─── Data extract ───

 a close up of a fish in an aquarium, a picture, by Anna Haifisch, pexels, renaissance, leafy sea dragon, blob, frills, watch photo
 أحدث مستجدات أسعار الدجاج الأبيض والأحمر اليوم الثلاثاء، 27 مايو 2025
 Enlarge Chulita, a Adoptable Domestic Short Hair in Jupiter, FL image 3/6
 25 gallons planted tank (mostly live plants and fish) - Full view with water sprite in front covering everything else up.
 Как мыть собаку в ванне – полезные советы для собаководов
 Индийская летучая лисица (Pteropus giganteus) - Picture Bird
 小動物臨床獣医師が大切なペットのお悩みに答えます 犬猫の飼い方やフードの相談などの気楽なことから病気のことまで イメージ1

───
─── Data extract ───

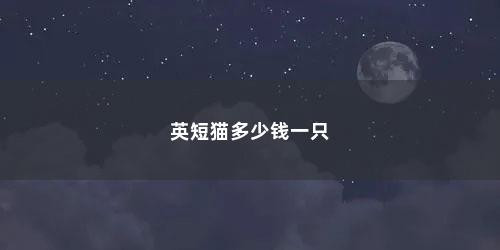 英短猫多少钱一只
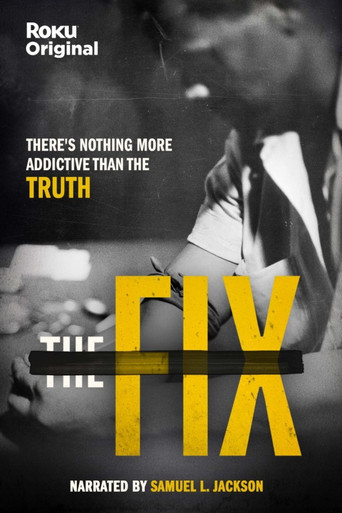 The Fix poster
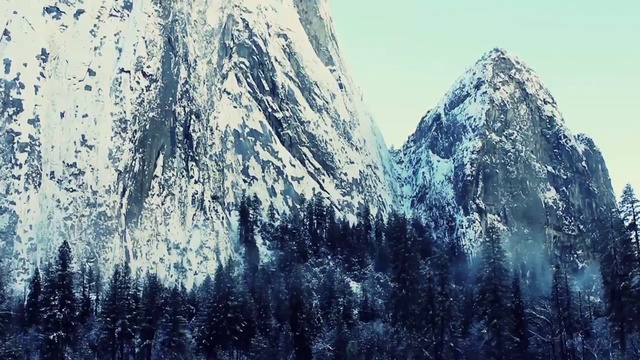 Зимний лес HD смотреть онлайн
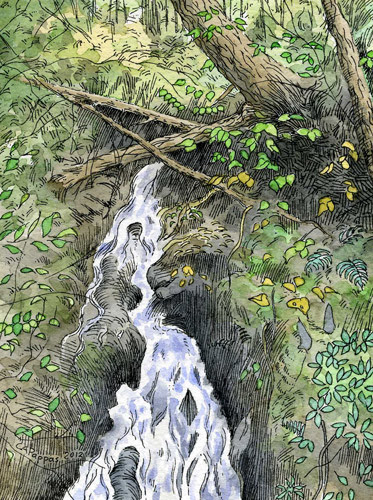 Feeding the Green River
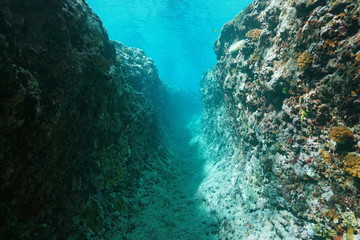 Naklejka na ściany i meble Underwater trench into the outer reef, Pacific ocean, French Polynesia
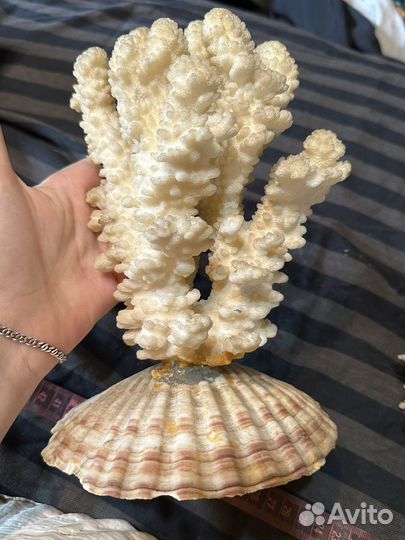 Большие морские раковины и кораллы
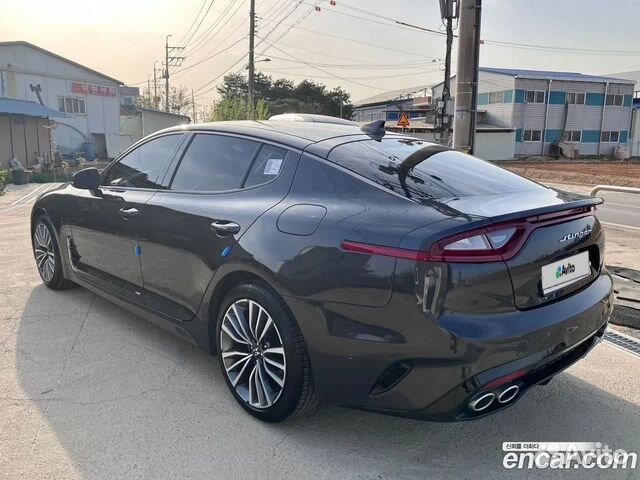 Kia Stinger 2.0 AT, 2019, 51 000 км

───

**Task description:**
Please reproduce the lines from the line with "أحدث مستجدات أسعار" to the line with "小動物臨床獣医師が大切なペットのお悩みに答えます 犬猫の飼い方やフードの相談などの気楽なことから病気のことまで イメージ1", both ends included, exactly as they appear above.

**The answer:**
 أحدث مستجدات أسعار الدجاج الأبيض والأحمر اليوم الثلاثاء، 27 مايو 2025
 Enlarge Chulita, a Adoptable Domestic Short Hair in Jupiter, FL image 3/6
 25 gallons planted tank (mostly live plants and fish) - Full view with water sprite in front covering everything else up.
 Как мыть собаку в ванне – полезные советы для собаководов
 Индийская летучая лисица (Pteropus giganteus) - Picture Bird
 小動物臨床獣医師が大切なペットのお悩みに答えます 犬猫の飼い方やフードの相談などの気楽なことから病気のことまで イメージ1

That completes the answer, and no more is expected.